Ultrasounds are "very safe," Cole said, with no proven medical risks to patients or their unborn babies.

"The machine does make loud clicking sounds as it gathers information, but we aren't aware of any significant effect on the fetus," Sherbenou said. SOGA doesn't offer 4-D on site because the ultrasound staff is too busy with medical ultrasounds to perform elective ones.

"The medical aspect is obviously our priority," she said.

At Baby Reflections, the whole family can be part of the process.

"I stress to people that this is a relaxed environment. You can bring anyone you want - young or old. You won't disturb anyone by bringing small children. In fact, it's a great way for a young sibling to see the baby and understand what's going on," she said.

The average number of family members at a session is four or five, but Cole said she's had as many as 15 people observing a session.

Leak and her husband, who were expecting their third child, brought their two daughters along.

"My older daughter is 3 1/2 years old, so it was a neat experience for her. We talk about the baby and, while she has some concept of it, the ultrasound was really fun for her. She could see the baby's face and hear the heartbeat," Leak said.

The opportunity to see and bond with the baby is the biggest benefit for parents, siblings and grandparents, Cole said.

The clear images let family members see distinctive features and decide if the baby has Grandpa John's nose or Aunt Betty's chin.

"You can see little hands and feet and the features of the baby's face.
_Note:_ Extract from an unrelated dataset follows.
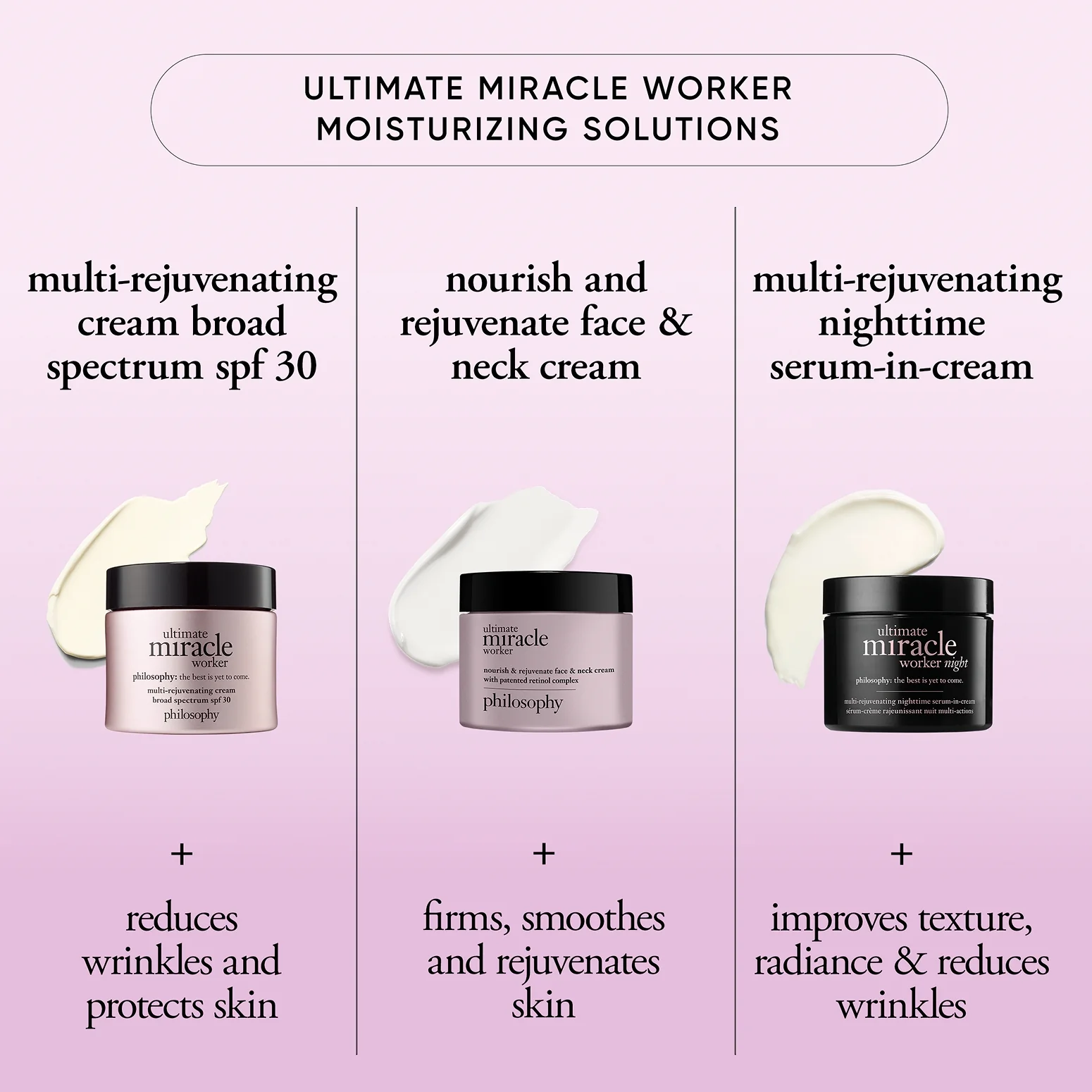travel-size nourish & rejuvenate face & neck cream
People can't believe the images. It's surprisingly clear," Cole said.

"Customers who come in after the baby is born always say how much the baby actually looks like the 4-D image. It's very realistic, and people are amazed at how true-to-life the images are."

With her second pregnancy, Leak said the 4-D ultrasound allowed her to see the baby's features, and she noticed striking similarities to her older daughter.

The Leaks don't want to know the gender of their third child until it's born, but they still were able to enjoy the 4-D ultrasound.

"Joette is so good at what she does. She showed us what we wanted to see but didn't spoil it for us," Leak said. "Even after the 4-D, we still have no idea of the gender."

The experience of the sneak preview - even without gender determination - is somewhat habit-forming. Leak said if she and her husband have another child, she definitely will have the 4-D ultrasound again.

"It's just an amazing experience," she said.